Exercise objective ::
Restate word for word the lines of the material below, from the line with "제너럴케이 모루 꽃다발" to the line with "Hem Hai fotpall, äggskalsfärgad bouclé", both lines included, and no others.

Exercise data ::
::::
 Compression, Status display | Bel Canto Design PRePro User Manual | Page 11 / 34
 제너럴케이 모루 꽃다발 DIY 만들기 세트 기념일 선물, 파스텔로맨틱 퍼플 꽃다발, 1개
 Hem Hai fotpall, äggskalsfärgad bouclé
::::
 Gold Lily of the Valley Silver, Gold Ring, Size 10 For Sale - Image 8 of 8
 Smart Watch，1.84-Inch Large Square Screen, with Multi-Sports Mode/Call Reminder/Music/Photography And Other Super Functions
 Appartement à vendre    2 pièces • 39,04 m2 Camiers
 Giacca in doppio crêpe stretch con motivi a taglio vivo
::::
Answer box ::
 제너럴케이 모루 꽃다발 DIY 만들기 세트 기념일 선물, 파스텔로맨틱 퍼플 꽃다발, 1개
 Hem Hai fotpall, äggskalsfärgad bouclé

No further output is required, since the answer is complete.